Reporting Mona Rivera
MINEOLA, NY (CBSNewYork) – The Nassau Legislature approved a voter referendum Tuesday to build a new Nassau Veterans Memorial Coliseum.
The voter referendum bill for the Coliseum bond issue passed by a vote of 11-7 and was quickly signed into law by County Executive Edward Mangano, reports CBS 2′s Jennifer McLogan.
“This bill is not just for the Islanders, it’s for Long Islanders,” Mangano said.
The bill authorizes an Aug. 1 vote, allowing residents to decide whether to borrow $400 million for a new hockey arena. Approval would clear the way for the NHL’s Islanders to remain on Long Island until at least 2045.

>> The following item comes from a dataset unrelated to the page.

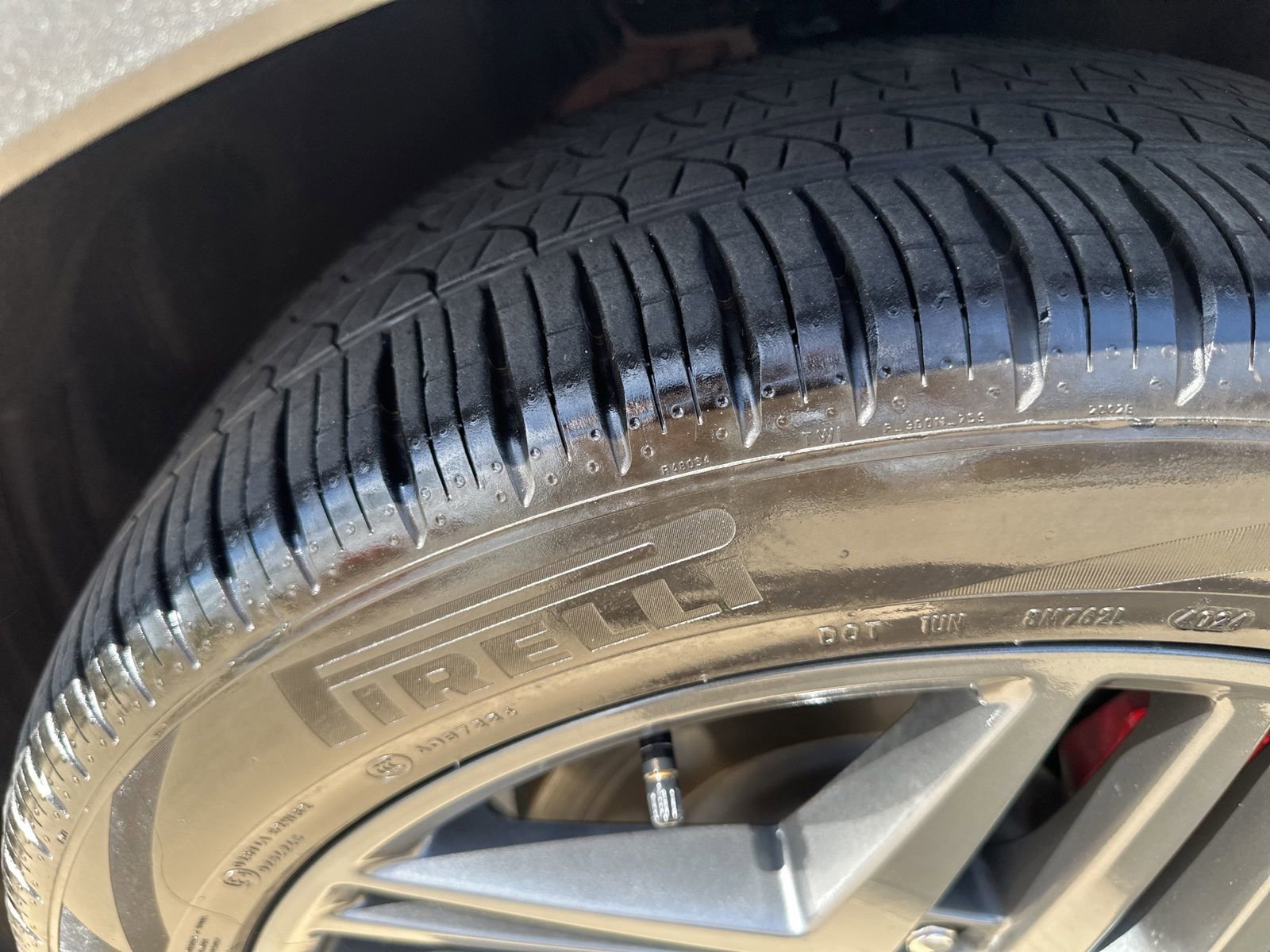 Used 2025 Ford Explorer ST image 11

1010 WINS’ Mona Rivera reports: Nassau Legislature Approves Coliseum Bond Issue
Before the vote Tuesday, jobless Long Islanders rallied along Hempstead Turnpike, not far from the Coliseum they are desperate to have a part of rebuilding. Contractors expect the project could create 1,000 new jobs.
The 77-acre plot would also be home to a new minor league ball field and entertainment hub and keep Islanders owner Charles Wang from potentially moving Long Island’s only professional sports team.
“I believe this day will go down in history as a first step and hopefully this is the catalyst that will get us going again,” Wang said.
WCBS 880′s Sophia Hall: The Project Would Cost The Average County Homeowner An Additional $50 A Year
Finance committee member, Democrat Wayne Wink, said he is not against letting voters weigh-in but said “it’s the cost, it’s the matter and it’s the timing” that is questionable.
“The devil is in the details and the devil has not knocked on the door yet,” said Wink.
Some Nassau County residents are skeptical about the plan to borrow $400 million from taxpayers.
“From the taxpayers? No, I think we’ve been pushed to the limit,” said Kathy Gianpapa.
“To go out and borrow $400 million now I think is very unwise,” said Rase Denny.
Mangano said replacing the nearly 40-year-old arena will help reinvigorate the local economy.
Even if voters approve the Coliseum bond issue it still faces numerous hurdles and the vote is non-binding.
The special referendum in August could cost $2 million. The Islanders’ owner said he’ll pay for the election if voters approve the plan.